Remote Practice für Sänger – 3. Bereich: Tun

Im dritten Bereich „Tun“ kannst du das tun, was Musiker unter „üben“ verstehen – alles, außer singen.

  • Du kannst beim Warten an der Kasse auf „s“ ganz leise und gleichmäßig ausatmen. Setze den Support ein und schau, wie viele Sekunden du schaffst.
  • Du kannst deine Haltung trainieren. Baue von den Füßen her die ideale Sängerhaltung auf und fühle, wie sich dein Körper dabei anfühlt. Dann bewege dich und nimm die Haltung erneut an. Je schneller du sie einnehmen kannst, desto besser bist du für Notfälle gewappnet, wenn im vorletzten Song die Stimme schlapp macht.
  • Du kannst mit Visualisation und Meditation deine Körperwahrnehmung schulen.
  • Du kannst eine Tasse Tee oder Kaffee mit dem bewussten Ausatmen auf „f“ kühlen. Setze dabei aktiv den Support ein.
  • Du kannst deine Artikulation mit Zungenbrechern oder schwierigen Vokalketten trainieren. „Der kleine Hey“ (hier) ist ein bewährter Sprechtrainer.
  • Du kannst netzwerken und dich mit alten und neuen Freunden austauschen. Du weißt nie, wo die nächste Gelegenheit herkommt.
  • Du kannst deine Fremdsprachenkenntnisse verbessern. Die wichtigste Sprache in der Popularmusik ist Englisch, doch du kannst jede Sprache lernen, die dir wichtig ist.
  • Du kannst deinen Songtext sprechen üben. Die Zunge möchte auch trainiert werden.
  • Du kannst deine Einsätze üben. Spiel den Backing Track deines Songs ab und übe, wie und wann du atmen musst, um rechtzeitig einzusetzen.
  • Du kannst lernen, wie du Verspannungen löst. Jeder Sänger hat seine eigene, besonders anfällige Stelle. Umso besser, wenn du weißt, wie du den Stress wieder aus den Muskeln heraus bekommst. Mit ein wenig Übung merkst du dann immer früher, wann die Verspannung beginnt und kannst frühzeitig gegenwirken.

 

Wann du Remote Practice nutzen solltest

Lass uns nochmal zurück zum Stressfaktor gehen. Jeder Sänger und Musiker ist stark eingespannt. Tatsächliche Frei-Zeit haben wir immer weniger. Umso wichtiger sind die kleinen Phasen toter Zeit, die du mit der Remote Practice nutzen kannst.

Nimm dir deshalb kleine Ziele für die Remote Practice vor. Deren Erfüllung lässt sich leichter nachvollziehen und du kommst nicht nur gefühlt vorwärts. Denke in kleinen Zeitintervallen. Nur 5 Minuten Zeit?

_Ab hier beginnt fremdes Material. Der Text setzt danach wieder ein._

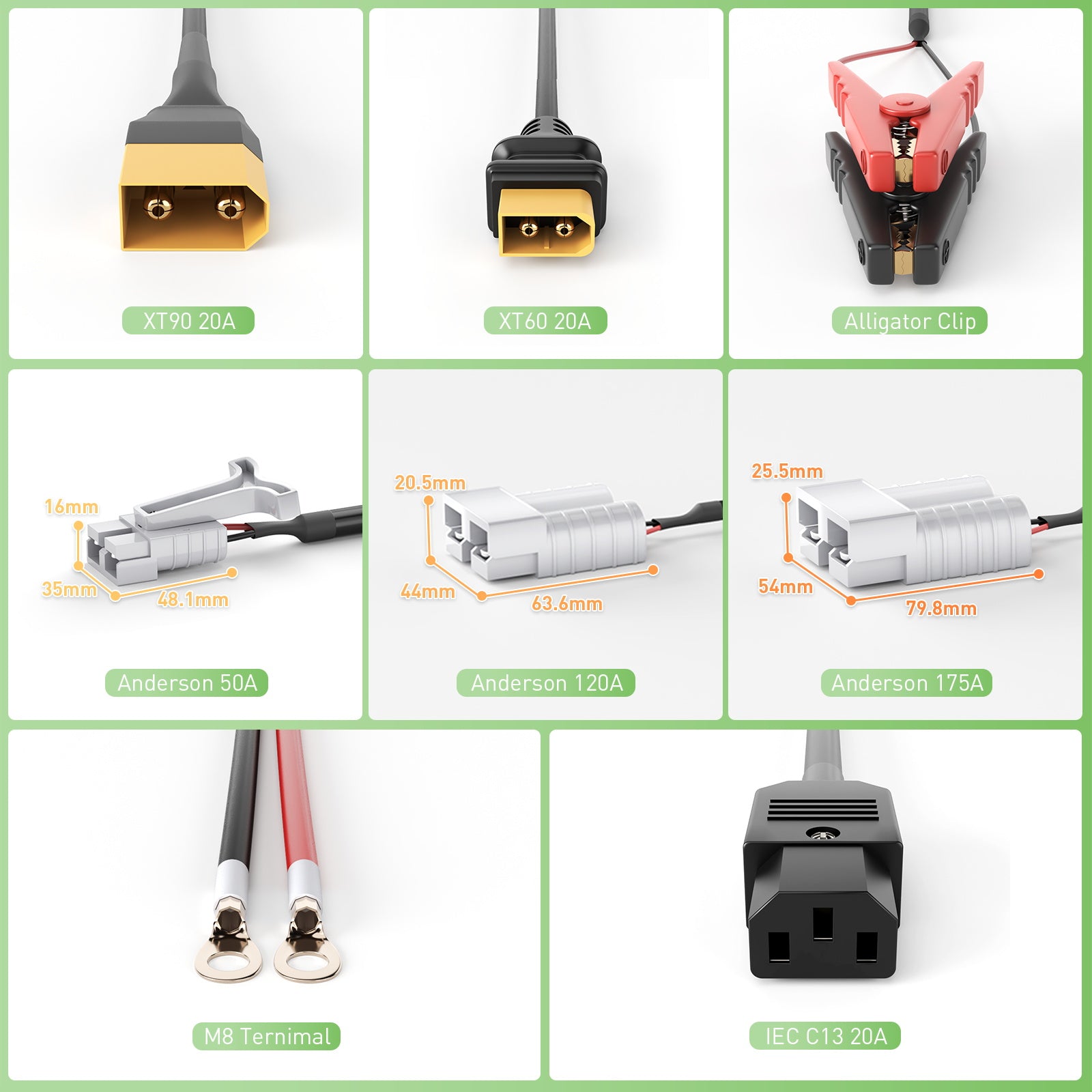 NOEIFEVO 54,6V 2-20A Lithium-batterilader til 48V 13S Lithium-Li-Ion-Lipo-batteri, LCD-skærm, justerbar strøm, lader til E-bike, scooter, elektrisk motorcykel
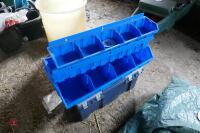 STORAGE RACKS, TOOLBOX & TOW ROPE - 4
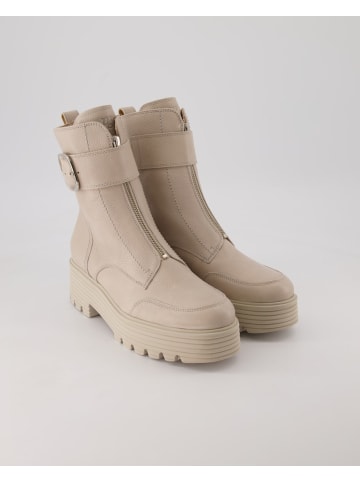 Paul Green Biker Boots in Beige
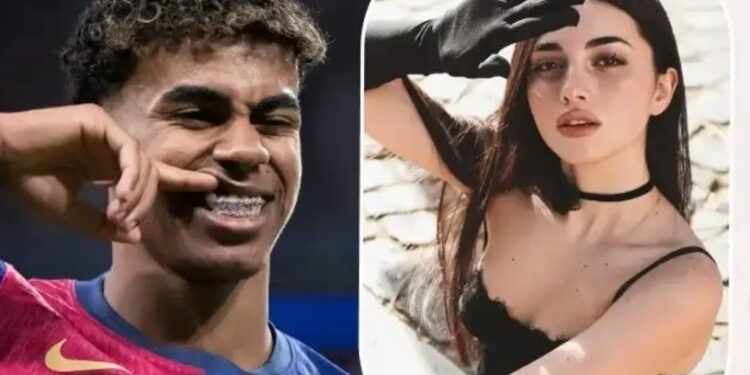 Lamine Yamal lại dính bê bối với cô gái lạ, Barca họp khẩn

Da lassen sich zwei Sätze übersetzen, drei Mal Support üben oder vier, fünf Songs auf die Möchte-ich-gern-mal-singen-Liste schreiben.

Remote Practice kannst du nutzen, wenn du mit einer Erkältung nicht singfähig bist. Wenn du scheinbar nie zum Singen Üben kommst. Und natürlich wenn du im Urlaub etwas für deinen Gesang tun willst, ohne deine Miturlauber zu stören oder dein ganzes Equipment mitschleppen zu müssen.

Die Remote Practice ist auch nützlich, wenn du viele kleine Wartepausen während des Tages hast. Besser vier Mal 5 Minuten lang geübt als gar nicht.

Dagegen solltest du auf diese Technik des Übens verzichten, wenn du sowieso schon gestresst bist. Dann nutze die tote Zeit bitte zum Durchatmen, zum Gedanken schweifen lassen, zum Schultern lockern oder zum Tee genießen. Du musst nicht um jeden Preis produktiv sein.

Sei bitte ebenso vorsichtig, wenn du so richtig krank bist. Für Sänger ist die Remote Practice vor allem mentale Arbeit, besonders wenn die ideale Haltung, die richtige Atmung und eine saubere Artikulation bereits im Unterbewusstsein verankert sind. Doch bei einer Erkältung ist Denken eine Qual. Bei einer dicken Erkältung gibst du die Zeit besser deinem Körper und unterstützt ihn bei der Heilung.

 

Fazit

Das Singen Üben fernab von Notenständer und Mikrofon erfordert nur ein bisschen Mut zur Kreativität. Dann fallen dir sicher noch mehr Möglichkeiten in den drei Bereichen Hören & Sehen, Denken & Nachdenken und Tun ein, mit denen du tote Zeit sinnvoll für deinen Gesang nutzen kannst.

Welchen Remote Practice für Sänger Tip wirst du umsetzen? Oder hast du einen eigenen, den du uns verraten möchtest?